The Real Lessons of Iran's Attacks on AWS Data Centers

The Real Lessons of Iran's Attacks on AWS Data Centers

1. The Middle East is fundamentally unstable. The entire region is bedeviled by historic conflicts based on religious divisions (Shiite, Sunni, Christian, and Jewish), distrust between Europe and Islam going back to the Crusades and the Ottoman Empire, a lack of strong independent institutions, weak rule of law, lack of democratically legitimate governments, and limited acceptance of the notion of secularism (the idea that religion and government should be strictly separate to maximize freedom and ensure equal treatment). Even the so-called benevolent monarchies that border the Persian Gulf have absolute power and absolute power always corrupts in the end. Monarchies are outdated institutions. Don't imagine or suggest otherwise.

Recent governments in the region have promised stability and peace, but extremism abounds. Israel's ethnic cleansing in Gaza, Afghanistan's repression of women, Trump's foolish acts of aggression, state assassination of journalists, and Iran's theocratic rule and financing of terrorism are just recent examples. Yemen is not even a country right now. It is a collection of warring tribes. The so-called legitimate Yemen government has not faced an election since 2004. So where's the legitimacy?

2. Network Lessons

A. Anyone operating a network in this region needs resiliency raised to the nth power. The path of least resistance has always been subsea cables in the Persian Gulf, Red Sea, Gulf of Aden and Arabian Sea. As recent events have amply demonstrated, it is not enough. The region needs secure, high capacity terrestrial links between Israel, Jordan, Egypt, Saudi Arabia, Oman, and the Emirates. Some networks do exist such as AMEER2, but a lot more routing and capacity is required to ensure the region's future.

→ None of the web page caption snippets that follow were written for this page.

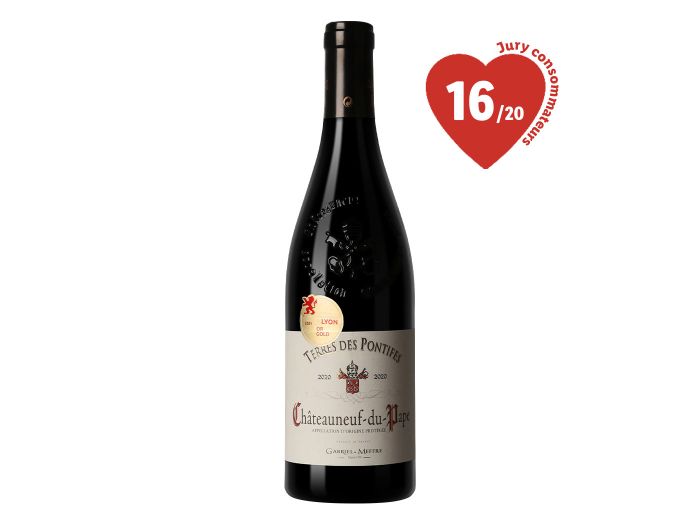 Châteauneuf-du-Pape - AOP - 2020 Terres des Pontifes Rouge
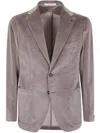 Tagliatore Structured Men's Jacket With Notch Lapel In Neutral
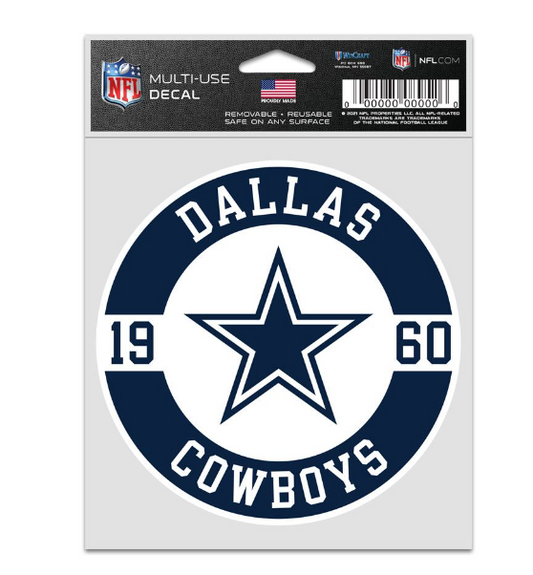 Dallas Cowboys Wincraft Patch 3.75" X 5" Decal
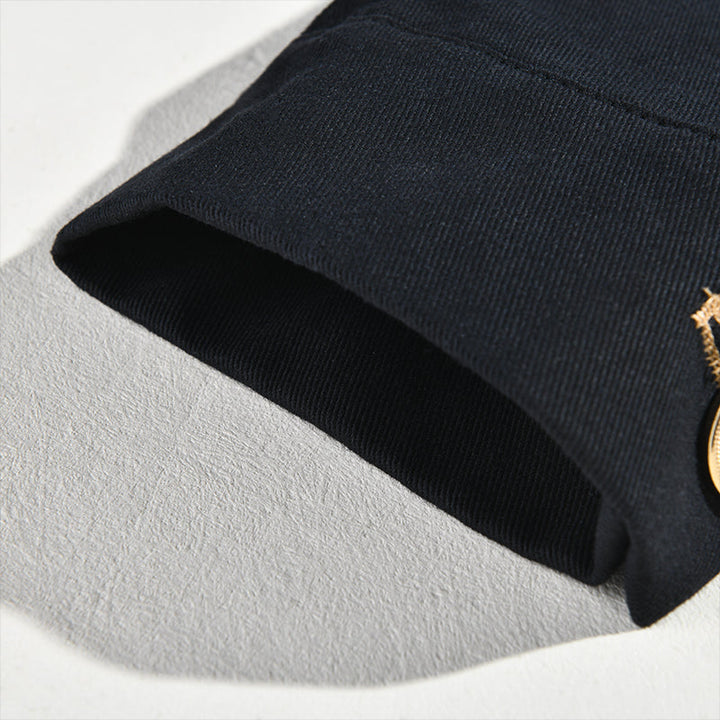 【24-godzinne wysyłki】Męska Vintage Casual Gładka Kurtka z Stojącym Kołnierzem i Guzikami 85705875TO
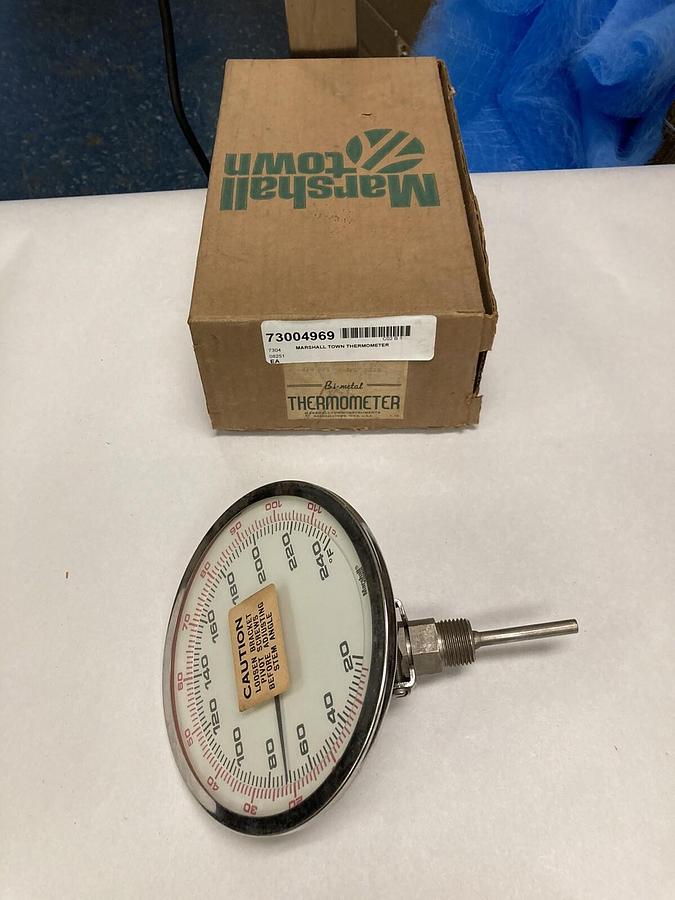 Used Marshall Town,90840-2 20-240°F,Temperature Gauge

It is very likely that regional governments and companies kept almost all their data in American Tech Giant Cloud facilities. Never rely solely on the Cloud. There is no guarantee in standard public cloud contracts that a customer's data is stored at multiple, physically diverse sites. For example, when one of OVH's Strasbourg data centers burned to the ground a few year ago, hundreds of their clients lost all their data and software applications. There was no data backup despite the corporate siren song of resiliency. Governments and companies should have their own infrastructure as well as relying on Cloud solutions. Owned infrastructure at scale is cost effective. If it is well designed, it almost always outperforms public clouds by a wide margin.

Any business or government or nonprofit should have its data and computing power widely distributed across the region and outside the region as well. Relying on vague promises that the Cloud is always there is a huge mistake. Indeed, given the perennial conflicts in the region, bunker type data centers are a good idea. As well as data recovery sites in Europe where strong data protection exists.